# Caesars Fall Saugeye Help



## snagster (Jun 23, 2009)

Ok Im an old guy lookin for some fall saugeye tips for Caesars Creek..I don't have a boat. Any advise would be much appreciated


----------



## garhtr (Jan 12, 2009)

Fish for crappie or Go to Cowan 
I am anxiously awaiting for tips on CC also, my struggles on that body of water for fall saugeyes have been monumental, so much that I have basically given up.
Good luck and good fishing !


----------



## Hortance (Jun 10, 2014)

Sometimes its easier to Google up some old threads here, rather than use the site's search function. 
I think Google does better when the search terms or the result address is misspelled. 

Three year old saugeye thread, but from September 2016. Couple of ideas, anyway...enough to plan a day....

https://www.ohiogamefishing.com/threads/ceasers-saugeyes.304723/


----------



## sjwano (Sep 13, 2018)

Not claiming to have killed the saugeye this year, but looking at places you can access from shore that might hold them at times, I've highlighted a few spots to try. I've caught one or two at each in the past.

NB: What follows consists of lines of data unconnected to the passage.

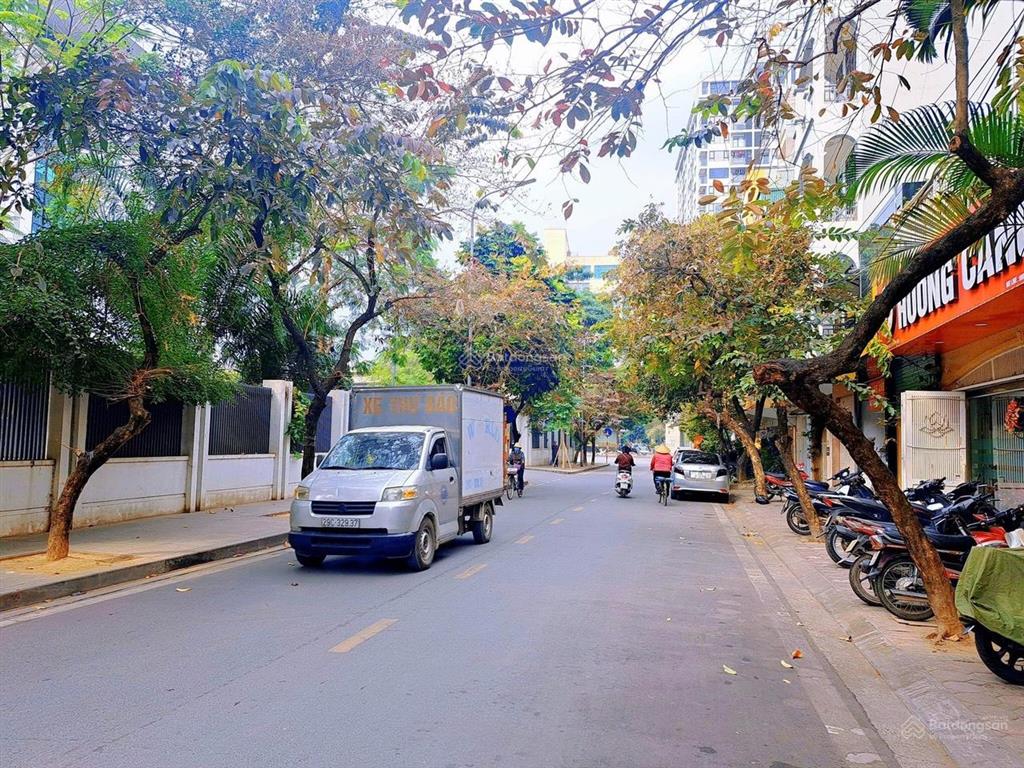 Cho thuê nhà riêng phân lô ngõ 61 hoàng cầu dt 75m2 * 5 tầng mt 5m ngõ thông ô tô vỉa hè rộng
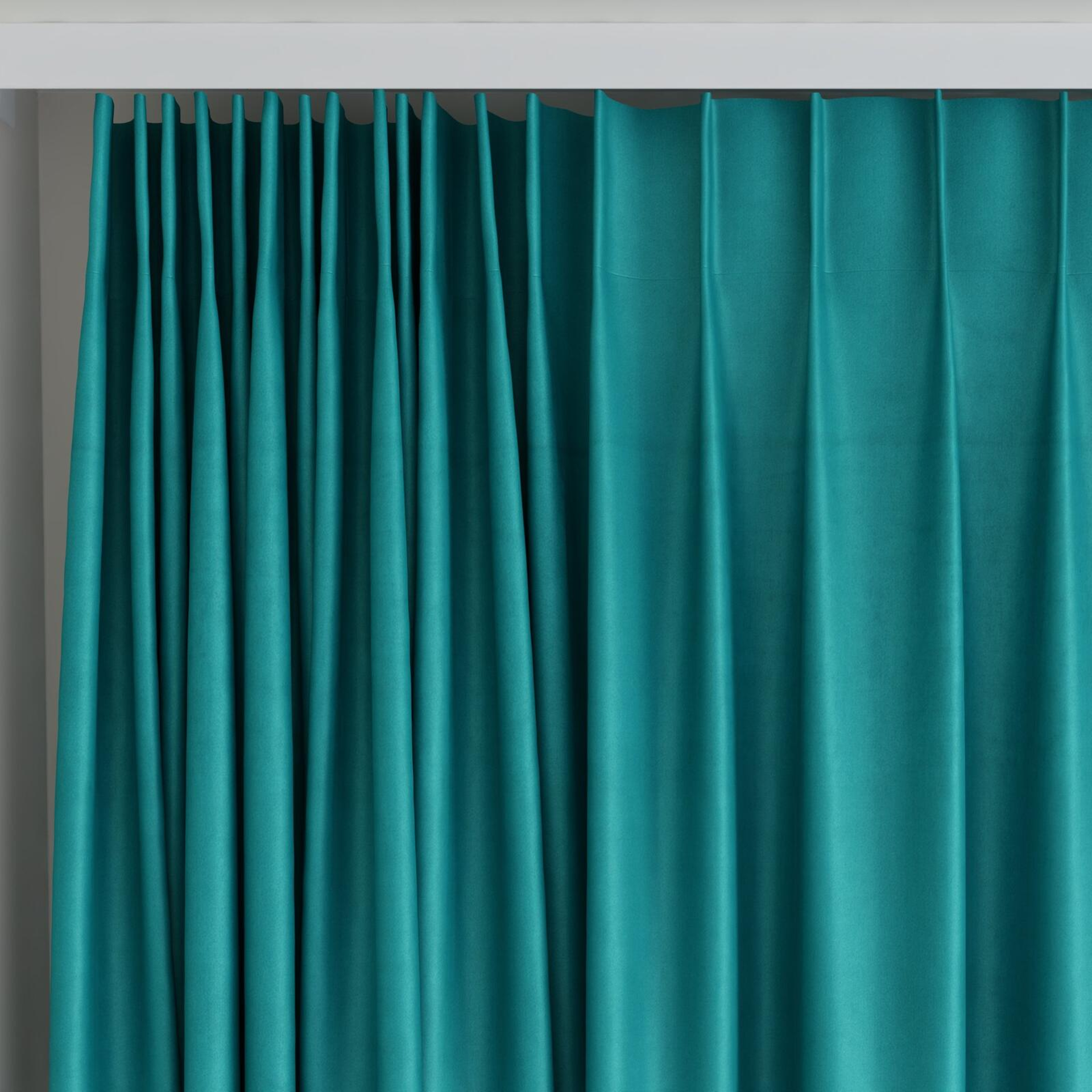 Top view of Warlock Jade, on curtain rail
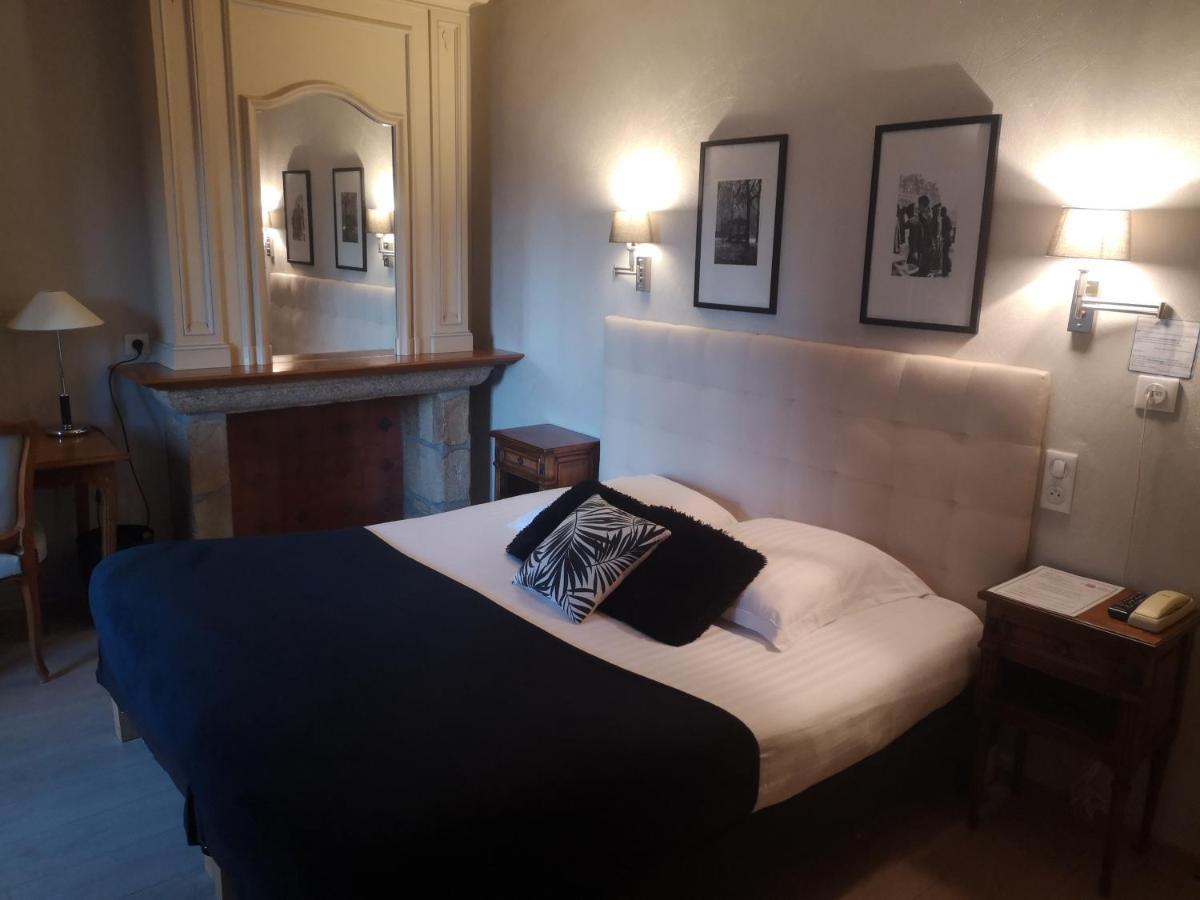 Hotel Les Deux Magots Ла Рош-Бернар Екстериор снимка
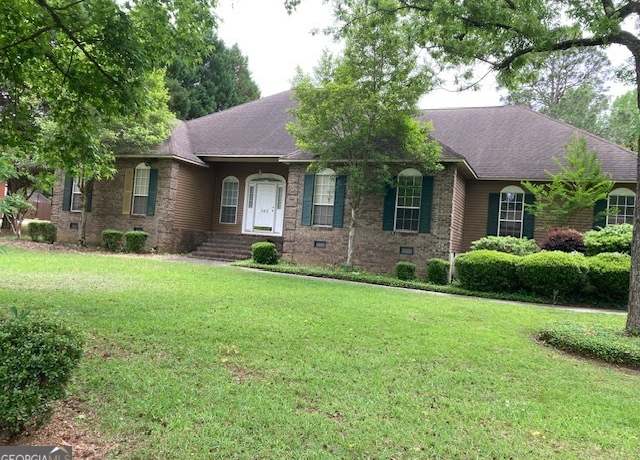 Property at 140 Cedar Creek Dr, Dublin, GA 31021, 4 beds, 2 baths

Swimbaits, jigs with nightcrawler, small crank baits have worked for me.


----------



## 9Left (Jun 23, 2012)

Actually... garhtr is spot on! Go to Caesar's and Fish with a jig or a minnow the same as you would for crappies… You'll catch saugeye in the mix as well... The only other somewhat consistent tip I can give you is keep it in less than 10 feet of water ....Kranks, jigs, whatever… Keep it in less than 10 feet of water


----------



## Saugeyefisher (Jul 19, 2010)

Those deeper lakes can be ALOT tuffer to consistently pattern in the fall then the more shallow lakes.
But if it's what your choosing do to logistics or just dead set on ceaser tge face of dams can always be a good starting point. As well as any bridges/cause ways that have rocks or riprap. Check out a map and look for irregular contour lines that indicate a flat or under water island/point/saddle off these rocky banks and fish them first. The wind or current from water being drawn will funnel some of these areas and attract saugeye.
Another thing,drive around before dark or before fishing and look for shad activity. It's usually visible on the surface whether its water movement,fish boiling after them or seagulls,and go back and fish those areas. Imo the most important thing with fall to ice up saugeye is bait presence,usually being shad. If there is no bait there are no saugeyes more then likely. 
Good fall baits, as mentioned minnows either on a jig or hook/sinker.
1/16+(depending on current/depth/wind) lead heads with 2 to 5" twisters/swimbaits.
Shad style cranks
Lipless cranks/blade baits
Stick baits both suspending and floating

Good luck. Hope you find them!


----------



## Southernsaug (May 23, 2019)

Does CC have a beach? slopes adjacent to beaches fished right at dark have yielded me some fall shoreline saugeye. Using all the regular baits. The next best bet is tailwaters.


----------



## sjwano (Sep 13, 2018)

Southernsaug said:


> Does CC have a beach? slopes adjacent to beaches fished right at dark have yielded me some fall shoreline saugeye. Using all the regular baits. The next best bet is tailwaters.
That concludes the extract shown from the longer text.